**What is needed**
Write out the entries below exactly, but only from the line containing "(C94) [Screaming DOG" through the line containing "[HCM][ Chính hãng", and without the pictures.
───── Record set ─────
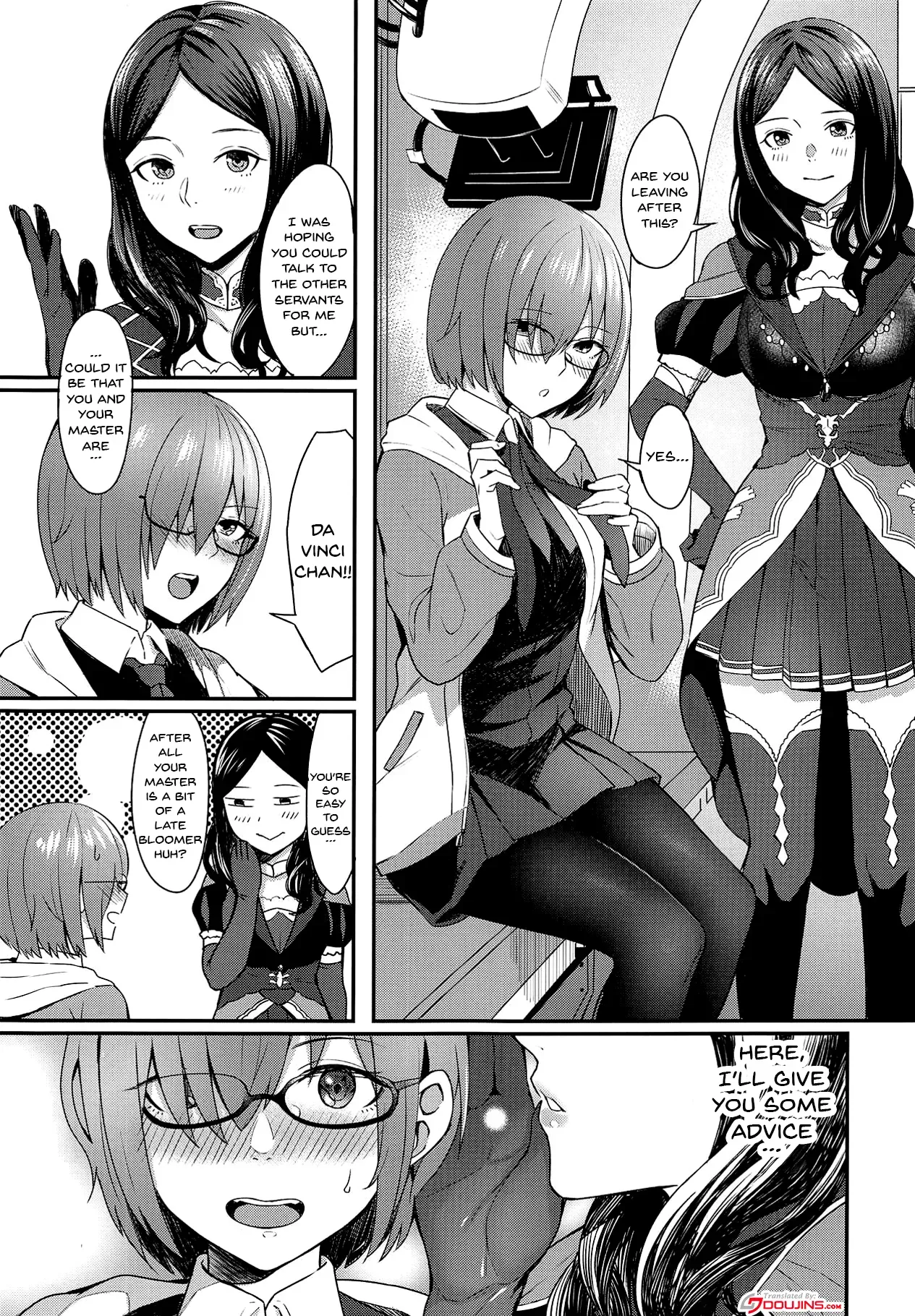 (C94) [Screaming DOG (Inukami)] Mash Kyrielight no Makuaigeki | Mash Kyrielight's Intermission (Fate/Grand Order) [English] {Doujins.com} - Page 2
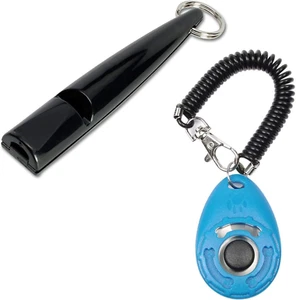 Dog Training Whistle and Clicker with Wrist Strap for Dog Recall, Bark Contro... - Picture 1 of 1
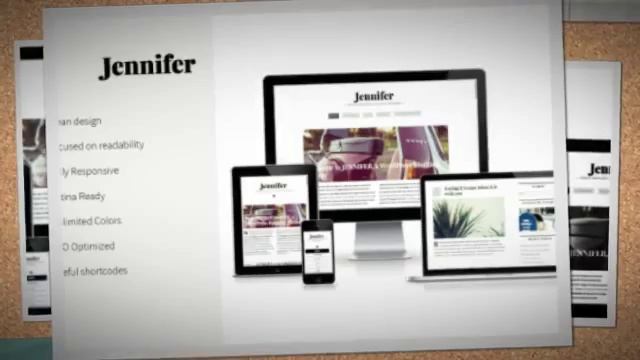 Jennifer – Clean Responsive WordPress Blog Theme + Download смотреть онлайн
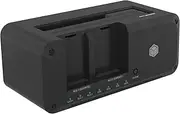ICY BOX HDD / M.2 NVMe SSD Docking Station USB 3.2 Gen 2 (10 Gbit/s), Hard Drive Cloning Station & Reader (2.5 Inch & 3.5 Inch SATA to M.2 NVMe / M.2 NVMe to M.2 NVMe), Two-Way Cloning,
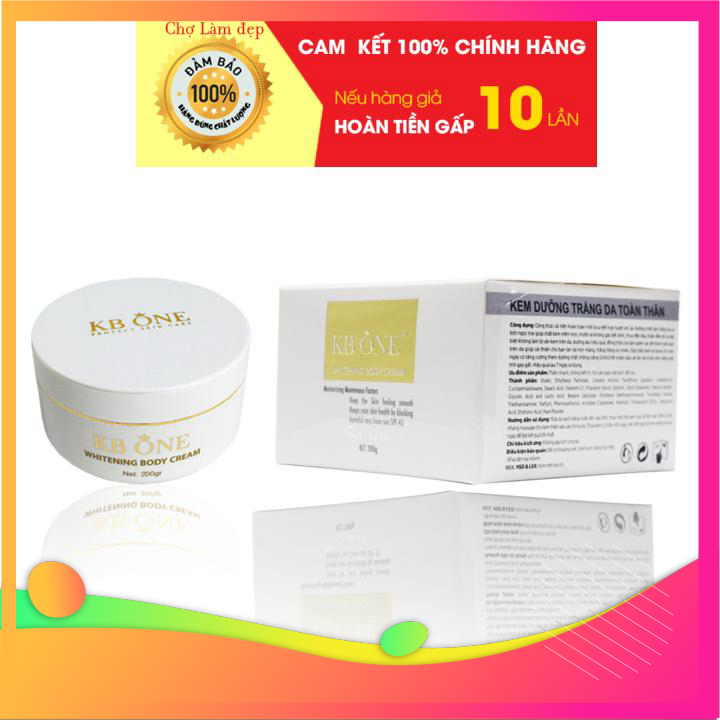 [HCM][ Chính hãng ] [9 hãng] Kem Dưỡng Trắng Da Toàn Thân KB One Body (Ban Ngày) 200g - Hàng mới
─────
───── Record set ─────
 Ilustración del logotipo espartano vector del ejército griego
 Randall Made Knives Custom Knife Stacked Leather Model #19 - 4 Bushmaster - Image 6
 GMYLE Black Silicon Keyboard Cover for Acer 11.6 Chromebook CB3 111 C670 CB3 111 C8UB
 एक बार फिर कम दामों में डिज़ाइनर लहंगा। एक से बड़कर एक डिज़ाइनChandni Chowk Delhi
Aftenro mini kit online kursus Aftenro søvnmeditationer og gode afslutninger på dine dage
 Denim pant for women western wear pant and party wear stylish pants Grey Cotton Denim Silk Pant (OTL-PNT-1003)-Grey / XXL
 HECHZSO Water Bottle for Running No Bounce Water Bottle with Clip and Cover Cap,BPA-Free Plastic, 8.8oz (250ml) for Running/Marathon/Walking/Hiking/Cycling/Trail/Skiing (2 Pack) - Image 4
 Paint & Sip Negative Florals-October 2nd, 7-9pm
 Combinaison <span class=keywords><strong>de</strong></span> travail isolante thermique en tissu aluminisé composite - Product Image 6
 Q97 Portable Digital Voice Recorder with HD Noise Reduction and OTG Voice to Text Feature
─────
**Answer section**
 (C94) [Screaming DOG (Inukami)] Mash Kyrielight no Makuaigeki | Mash Kyrielight's Intermission (Fate/Grand Order) [English] {Doujins.com} - Page 2
 Dog Training Whistle and Clicker with Wrist Strap for Dog Recall, Bark Contro... - Picture 1 of 1
 Jennifer – Clean Responsive WordPress Blog Theme + Download смотреть онлайн
ICY BOX HDD / M.2 NVMe SSD Docking Station USB 3.2 Gen 2 (10 Gbit/s), Hard Drive Cloning Station & Reader (2.5 Inch & 3.5 Inch SATA to M.2 NVMe / M.2 NVMe to M.2 NVMe), Two-Way Cloning,
 [HCM][ Chính hãng ] [9 hãng] Kem Dưỡng Trắng Da Toàn Thân KB One Body (Ban Ngày) 200g - Hàng mới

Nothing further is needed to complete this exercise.